Published/Copyright: April 24, 2025

Published by

Become an author with De Gruyter Brill

Submit Manuscript Author Information Explore this Subject

From the journal it - Information Technology Volume 67 Issue 1

Abstract

With great power comes great responsibility. As Artificial Intelligence in general and Natural Language Processing, in particular, continue to shape the world we live in, there is an increased need for Computer Scientists in academia and industry to acknowledge the pivotal role our discipline plays in shaping the future of our society. Accepting this role should come with the responsibility to make positive contributions, whether through research, teaching, application, or by contributing to the public discourse surrounding AI technology and its regulation. This text outlines how Natural Language Processing can contribute to shaping a better future in which society at large can benefit from technological advances.

Keywords: Natural Language Processing; Large Language Models; AI for Social Good

1 Introduction

The increased abilities and ubiquitous availability of Large Language Models (LLMs) have raised the urgency of practical and societal questions about Artificial Intelligence (AI) and its applications that have been discussed within the scientific community for many years and have brought them to the center of public debates. Deepfakes, disinformation, copyright concerns, threats to the integrity of assessments, and many other problems have transformed from scholarly debates to real-world problems in a matter of months.

The public debates that are fuled by these developments often seem to be dominated by extreme positions: On the one hand, techno-optimists that believe the chase for ever bigger and better AI models will somehow overcome all the problems both society and technology face today, and any limit put on the development or use of AI will just slow down our pathway to this better future. On the other hand, doomsday fears about uncontrollable AI systems that go rogue and have the potential to end civilization as we know it if we do not stop all AI research immediately.
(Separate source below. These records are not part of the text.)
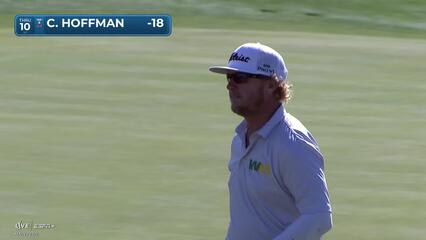 Charley Hoffman | Round 3 | 10th hole | Shot 4 | 2025 The American Express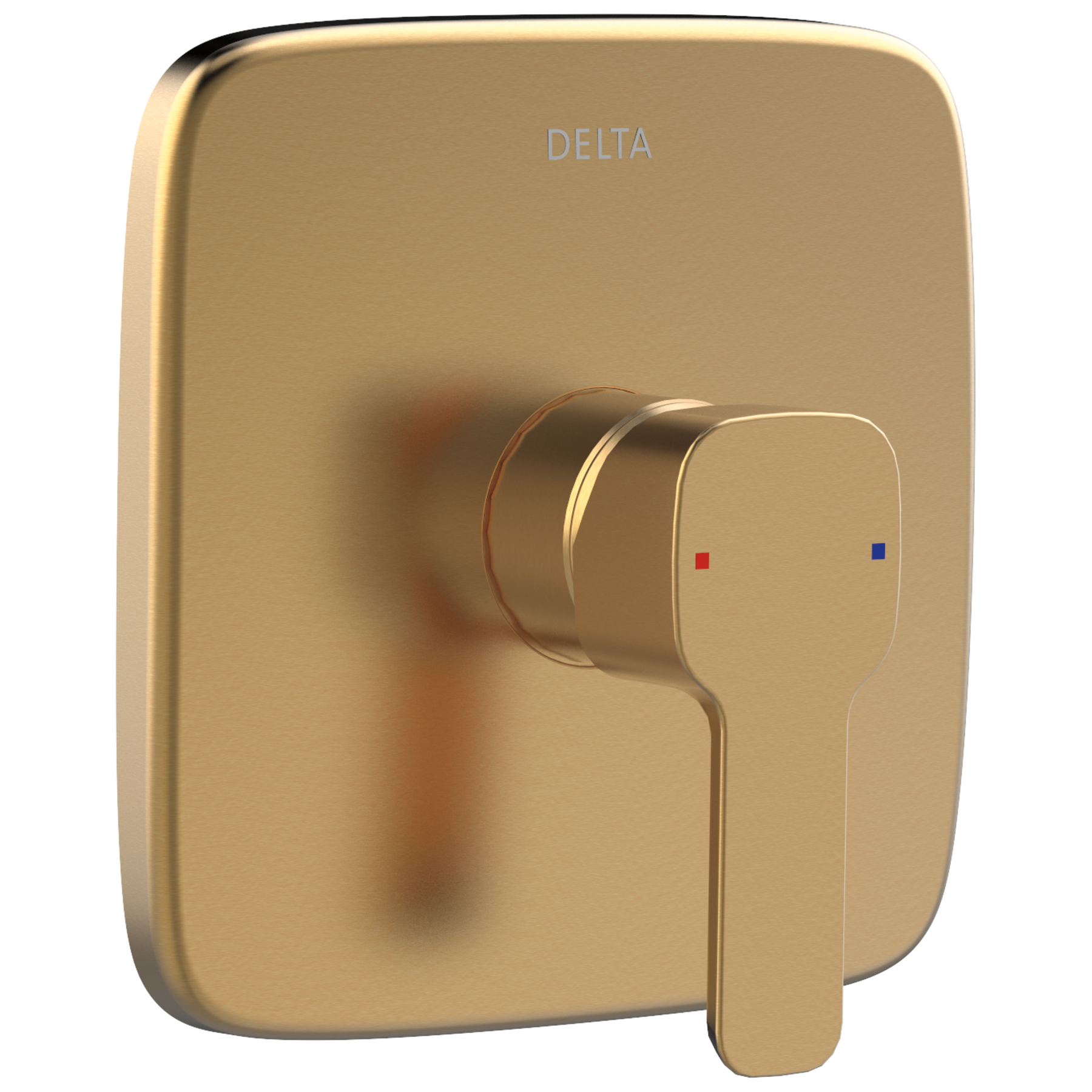 In Wall Shower Trim without Push Button Diverter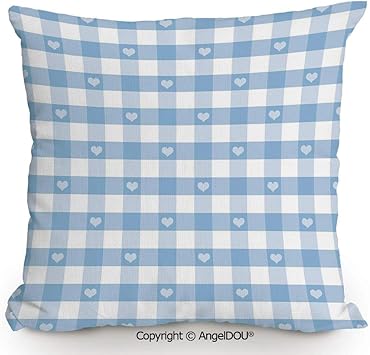Amazon Com Angeldou Fashion Sofa Cotton Linen Throw Pillow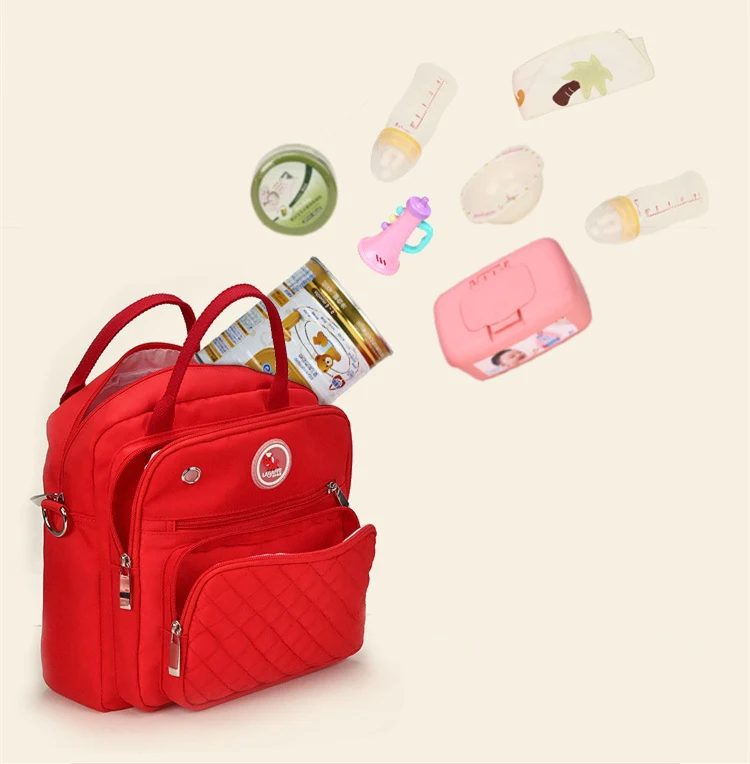 Сумка для подгузников для мам, водонепроницаемая нейлоновая сумка для детских подгузников, женская сумка для путешествий, рюкзак для кормления ребенка, сумка для беременных, сумка bolsa maternidade, 4 цвета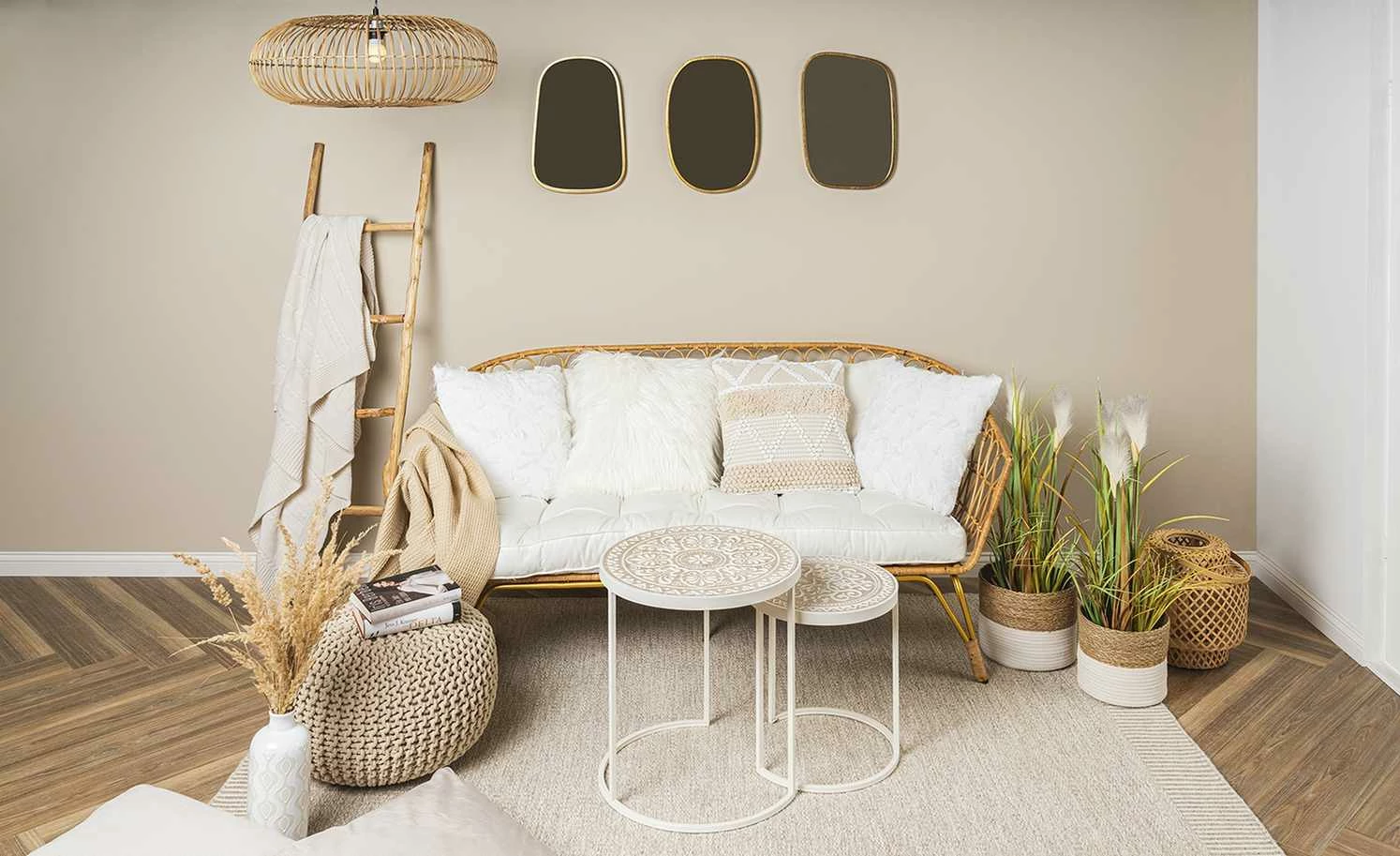 Dekoleiter Vezia | Buche Natur 5 Dekoleiter Vezia | Buche Natur – Bild 3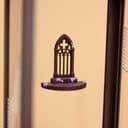 Gothic Cathedral Window Jumping Spider Ledge – 1.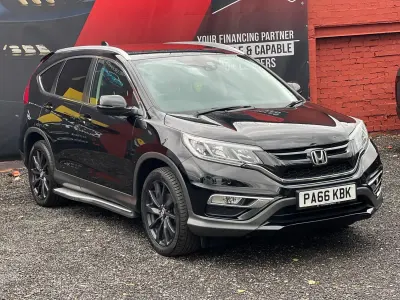 Usado Honda CR-V Black Edition 155 CV (114 kW) 2017 Negro SUV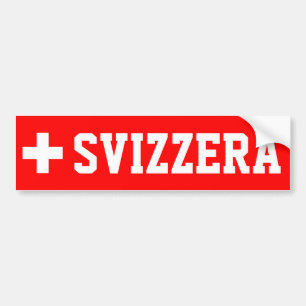 Svizzera Autoaufkleber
Just like every other fundamental technology, AI has the potential to (and already does) improve our lives, but also comes with potential dangers that have to be taken seriously. One way to mitigate such risks is through legislation. The European Union’s AI Act and initiatives from other lawmakers have sparked lively debates about the regulation of AI. Laws and regulations are important instruments for protecting individuals and society at large from potential dangers that could arise from the use of AI systems. However, it is debatable whether the approach taken by the AI Act is the correct one and even whether “Artificial Intelligence” as such is a useful regulatory category (see [1]).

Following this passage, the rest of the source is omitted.